Given records section start

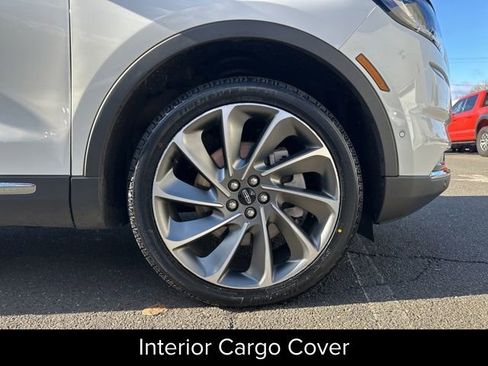 Certified 2023 Lincoln Nautilus Reserve w/ Equipment Group 202A image 46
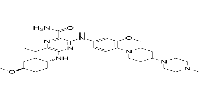 EML4-ALK kinase inhibitor 1ͼƬ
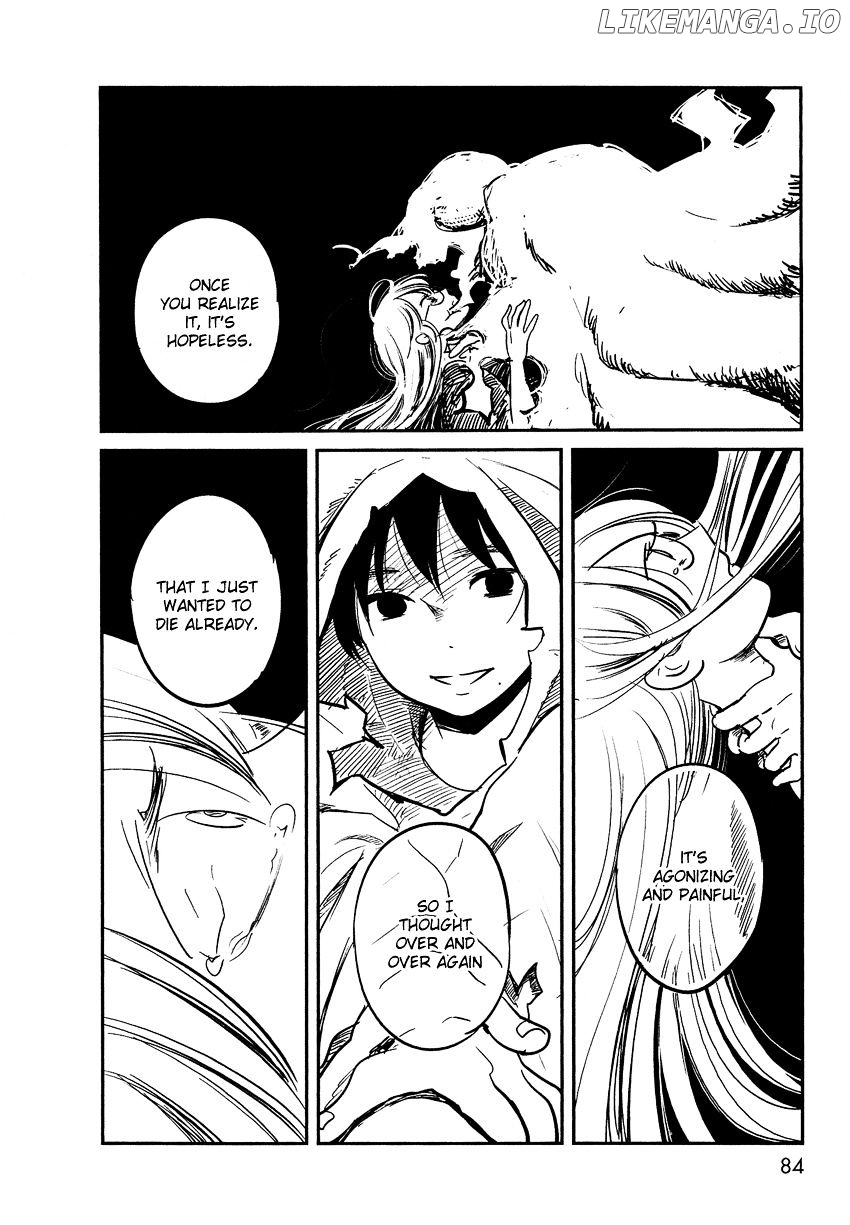 Bokura No Hentai chapter 20 - page 5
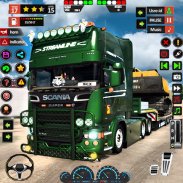 Industrial Truck Simulator 3D screenshot 11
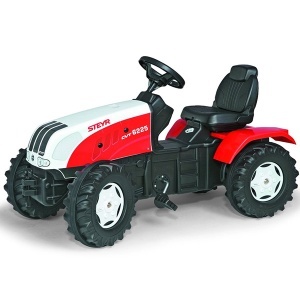 Traktor Steyr CVT 6240 Rolly Toys 035304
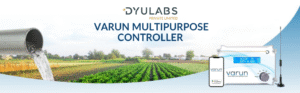 Varun S2 smart water pump controller main image 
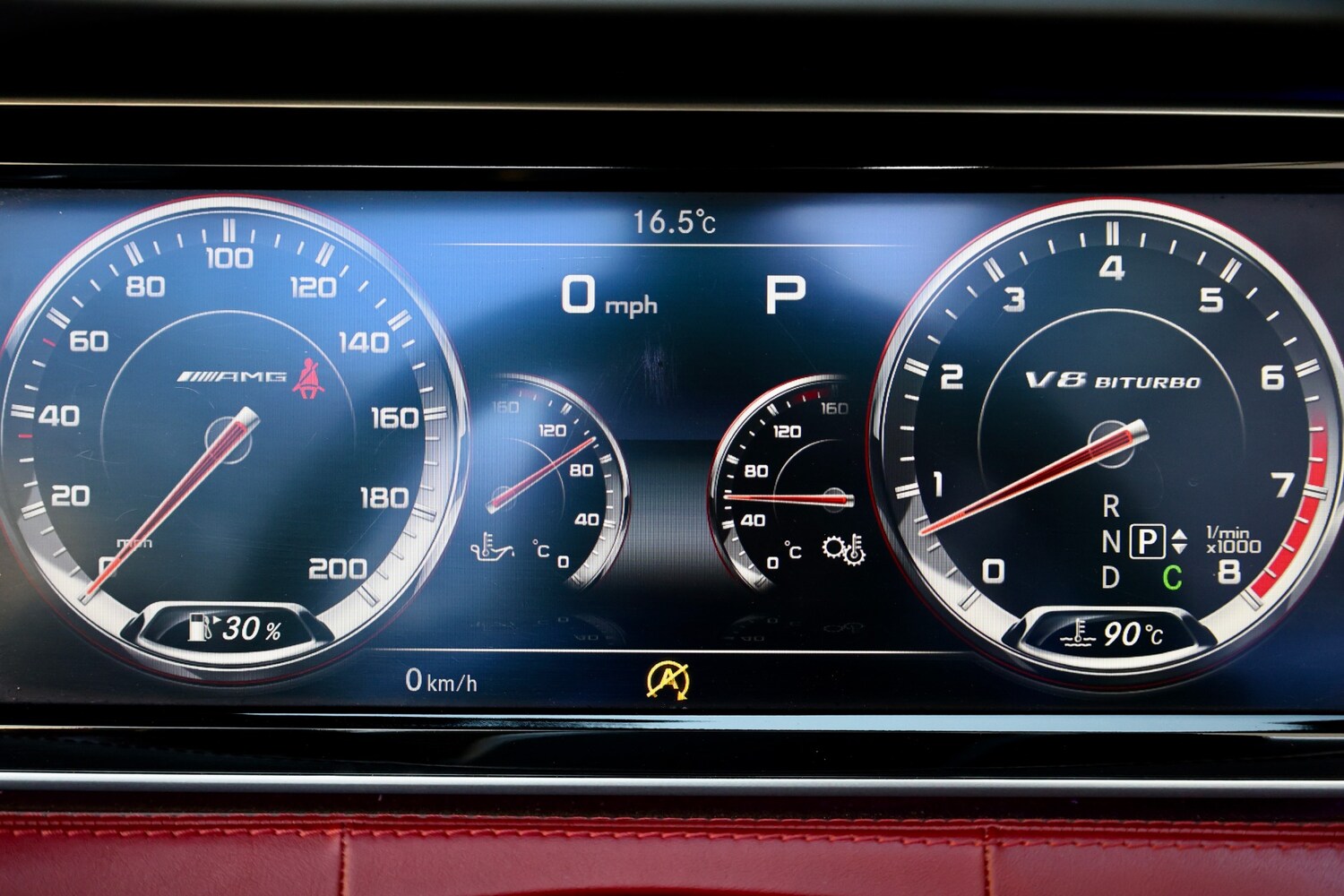 Used Mercedes-Benz S Class 2017 for sale - 77921560: Photo 35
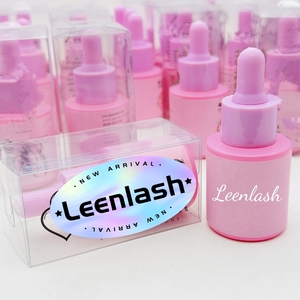 Leenlash OEM Pegamento para Pestañas <span class=keywords><strong>Ultra</strong></span> Fuerte, <span class=keywords><strong>Primer</strong></span> para Pegamento de Pestañas, Sin Alcohol, Resistente al Agua, Nuevo Diseño, Líquido de Acción Rápida para Extensión de Pestañas - Product Image 1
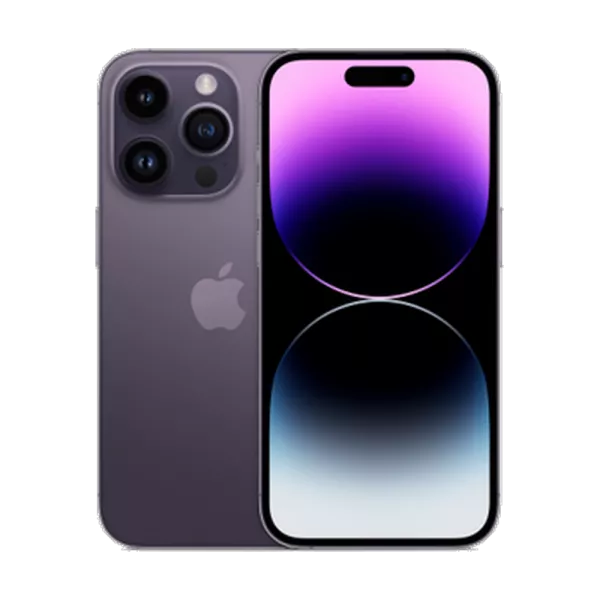 iPhone 14 Pro Violet intense prix Maroc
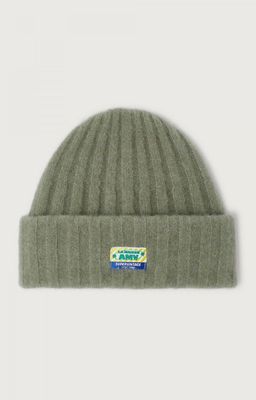 American Vintage muts Vitow citronnier khaki
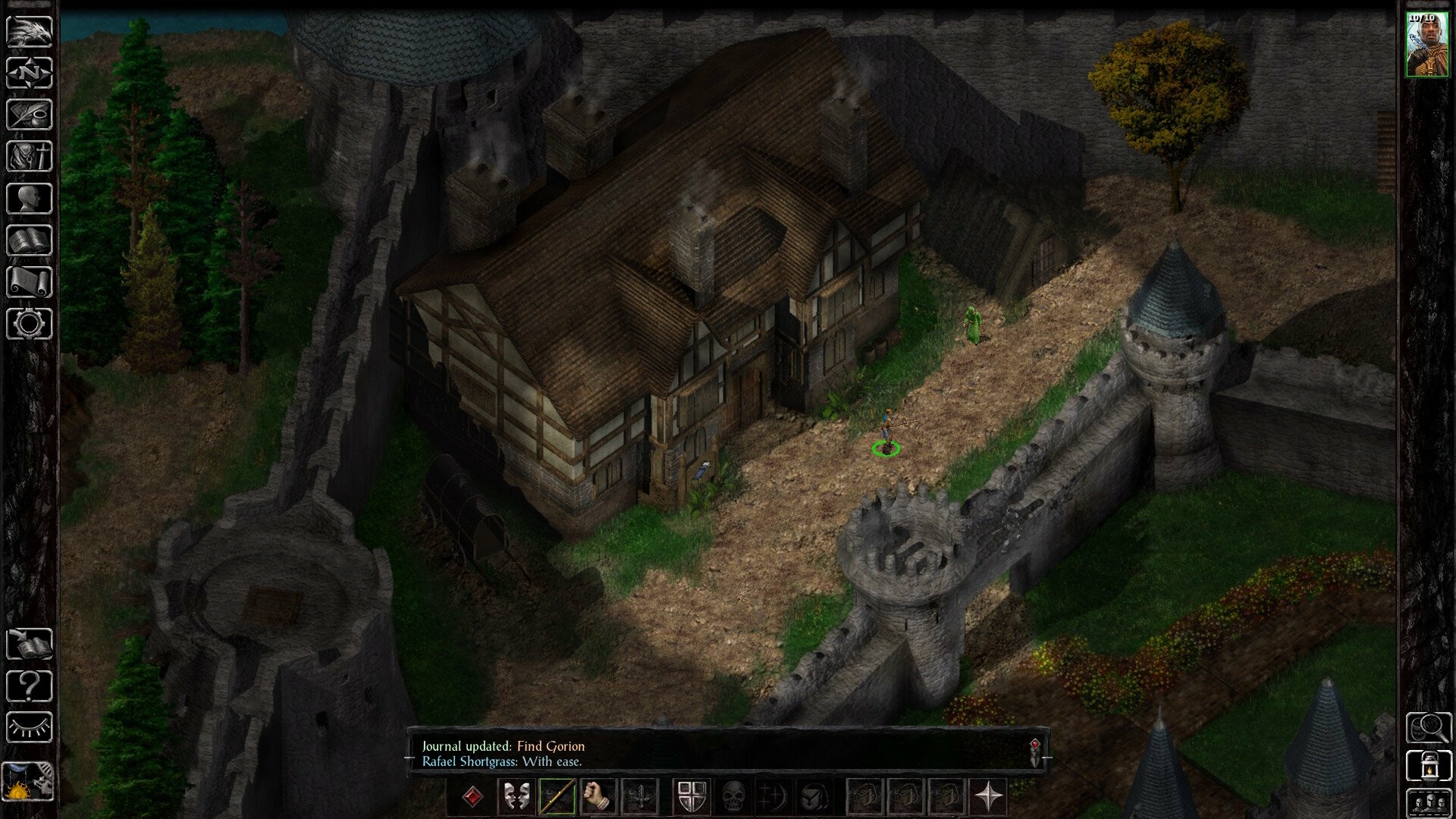 Baldur's Gate II: Reflections Of Myth & Valor on Steam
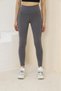 Siena Fabric Fleece Winter High Waist Recovery Women's Leggings - 5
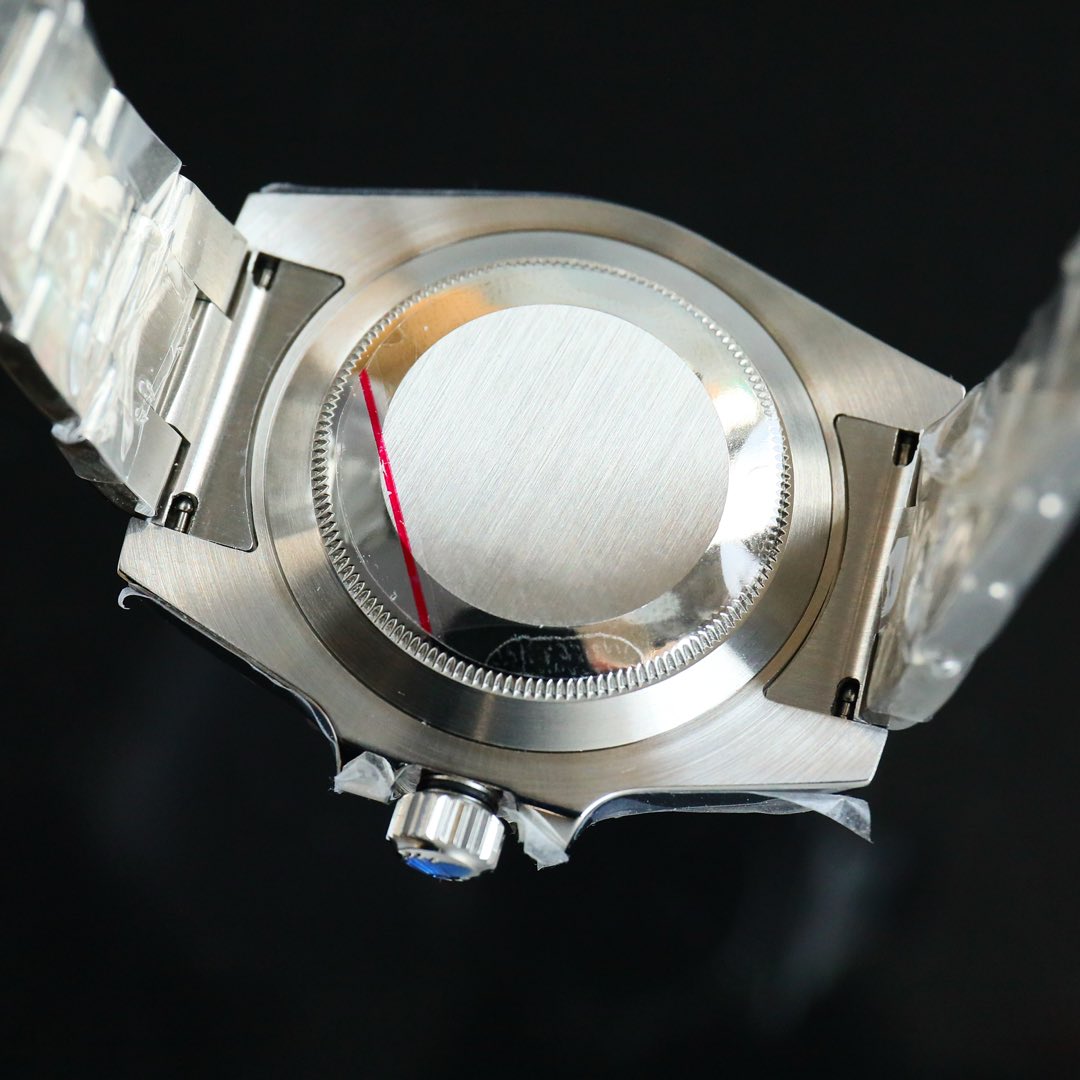 Replica Rolex Submariner Wrist Watch Black Dial Plate 2824 Movement Netby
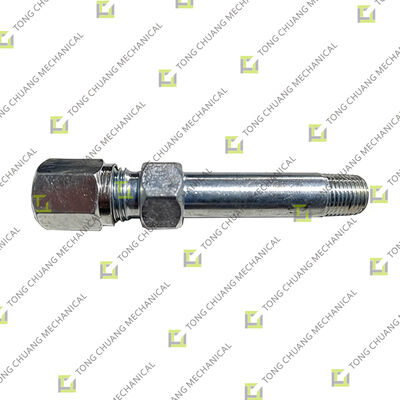 Extended Connector / For Sany Oil Distributor Lubrication Joint，Grease Fitting Joint，Central Lubrication Joint，Lubrication System Connector，Hydraulic Lubrication Pipe Joint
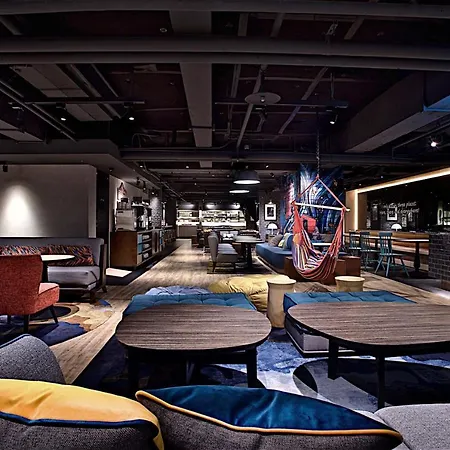 Just Sleep - Ximending Hotel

Given records section end

What the task requires:
Look above and copy only the lines from the one holding "EML4-ALK kinase inhibitor 1ͼƬ" to the one holding "Varun S2 smart", both included, exactly, minus the pictures.

Written answer:
 EML4-ALK kinase inhibitor 1ͼƬ
 Bokura No Hentai chapter 20 - page 5
 Industrial Truck Simulator 3D screenshot 11
 Traktor Steyr CVT 6240 Rolly Toys 035304
 Varun S2 smart water pump controller main image 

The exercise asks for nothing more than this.